Don Fabio Grossi è tra le braccia del Padre

Le esequie martedì 23 febbraio alle ore 15.30 a Fratte

Se n’è andato nella mattina di sabato 20 febbraio 2021, don Fabio Grossi.

Nato a Este il 1° ottobre 1928, era stato ordinato presbitero il 6 luglio 1952. Fu nominato vicario a Piove di Sacco fino al 1958, quando venne inviato a Livorno. Qui si trattenne fino al 1970, quando fu nominato parroco a Fratte di Santa Giustina in Colle, dopo l’improvvisa e tragica morte del parroco e del giovane cappellano a seguito di un incidente stradale.

Conclusosi il servizio di parroco per motivi di età si era ritirato prima in un appartamento a Fratte, poi a Camposampiero, presso Casa Bonora.
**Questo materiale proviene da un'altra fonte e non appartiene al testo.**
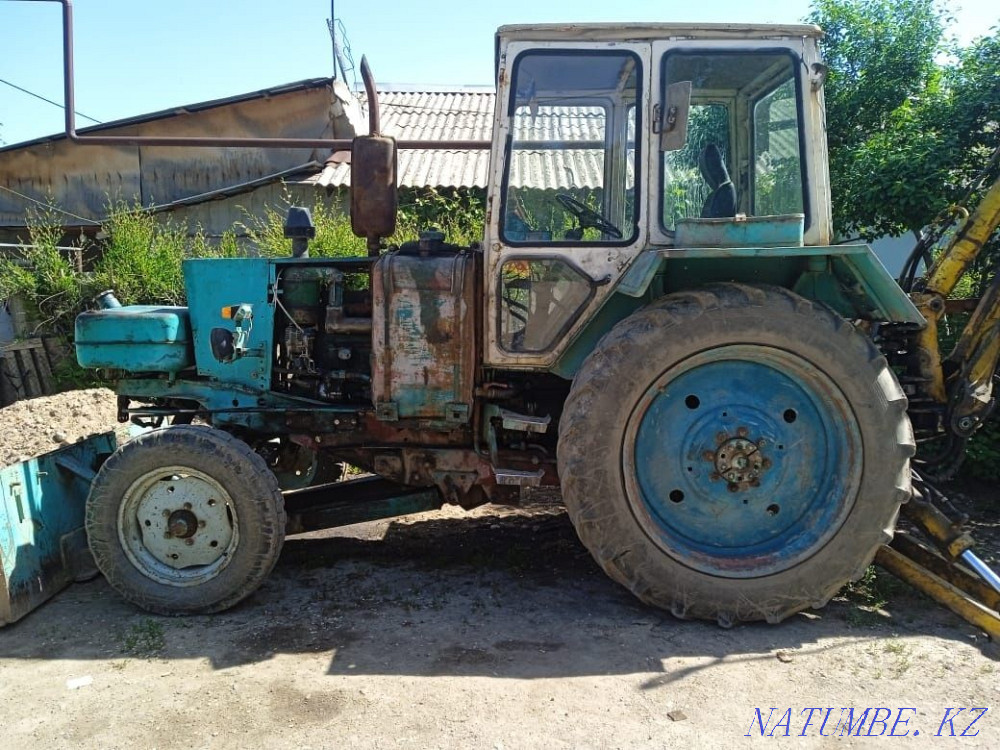 excavator loader  - photo 2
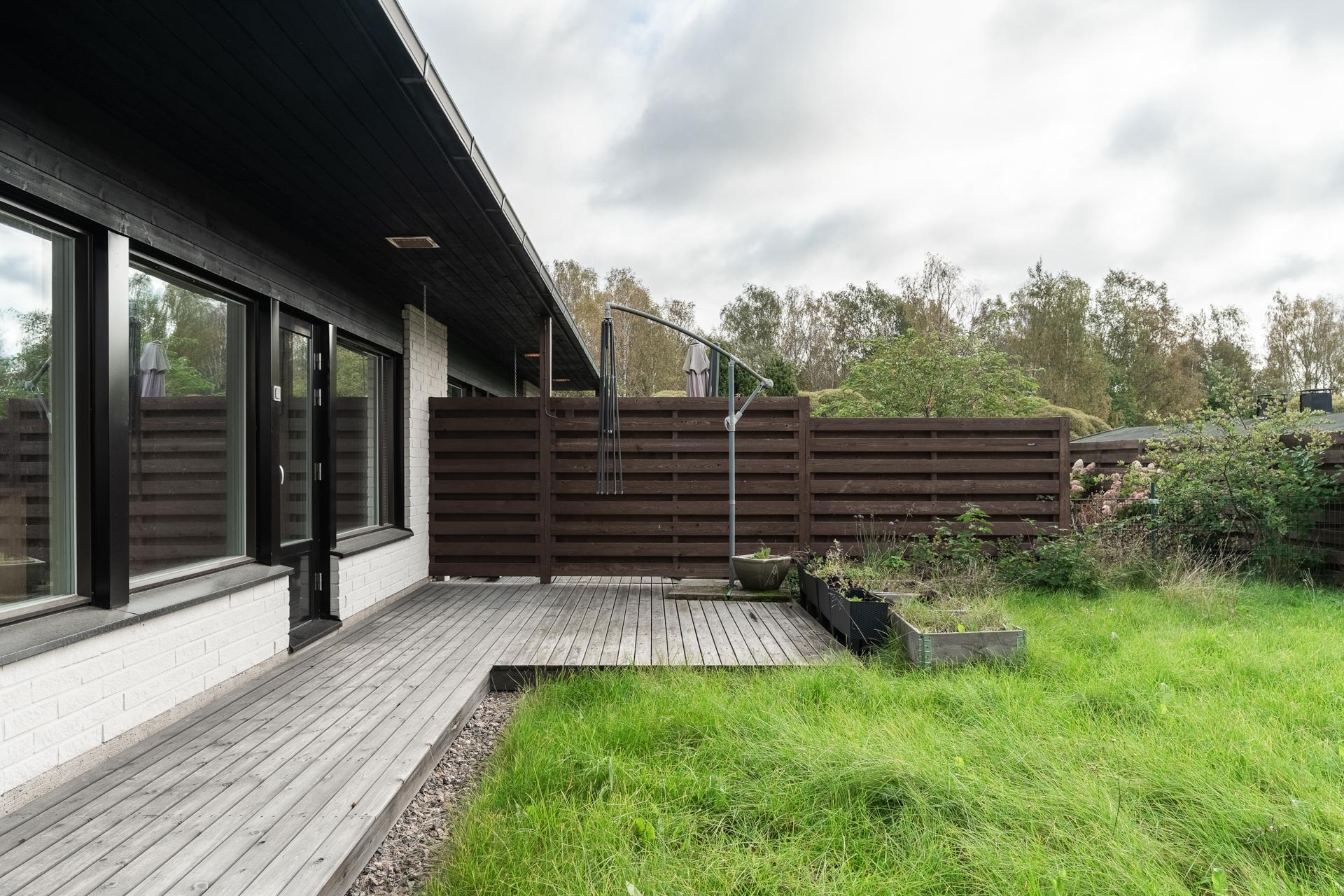 Lukupurontie 8, Mankkaa, Espoo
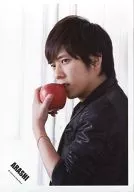 Arashi / Kazuya Ninomiya / Upper body / Costume black / Left hand apple / Eye view left / Background white / Official Official photo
La morte lo ha colto nel mattino del 20 febbraio 2021

Le esequie saranno celebrate dal vescovo Claudio a Fratte, martedì 23 febbraio, alle ore 15.30.


Don FABIO GROSSI ( Este, 01.10.1928 – Camposampiero, 20.02.2021)

Nel lontano ottobre del 1970, l’allora Vescovo di Padova Mons. Girolamo Bortignon mi mandò a chiamare d’urgenza per darmi la tristissima notizia della morte violenta del parroco don Vittorio Fabris e del suo giovanissimo cappellano don Gaudenzio Bevilacqua. Don Vittorio era già da tempo sofferente mentre don Gaudenzio era agli inizi della sua vita sacerdotale e pastorale. L’incidente mortale avvenne mentre stavano andando con la loro 600 da una parrocchiana gravemente ammalata. Per un anno Fratte risentì fortemente della morte dei due sacerdoti carissimi. “Sei l’unico parroco disponibile – mi disse mons. Girolamo – quindi andrai a Fratte. È una buona parrocchia che ha avuto dei pastori saggi e buoni, terra fiorente di vocazioni, di tradizioni e di vita cristiana”.

Così si esprimeva don Fabio nel 2006, al momento di accomiatarsi dalla comunità di Fratte servita per 36 anni: la «sposa», come amava chiamarla.

Don Fabio arrivava a Fratte da Livorno: dall’ottobre 1958 e fino all’ottobre 1970 aveva prestato servizio prima presso la parrocchia di San Pio X, assieme a don Bortolo Spiller, passando poi a quella di San Giuseppe, fino all’arrivo dei preti locali. La collaborazione era cominciata su iniziativa del vescovo padovano Andrea Pangrazio, inizialmente ausiliare di Verona (1953), poi di Livorno (1955), prima di diventarne vescovo titolare nel 1959. Nella città toscana il vescovo Pangrazio fu un padre per don Fabio che poté godere anche dell’amicizia del segretario, don Lorenzo Bellomi (futuro vescovo di Trieste). Don Fabio ebbe modo di lavorare anche con il successore, il vescovo Emilio Guano, sempre ricordando volentieri l’esperienza di Livorno che gli aveva permesso di conoscere il mondo degli operai e del lavoro, in un contesto di sinistra e dentro un ambito sociale ben diverso da quello veneto.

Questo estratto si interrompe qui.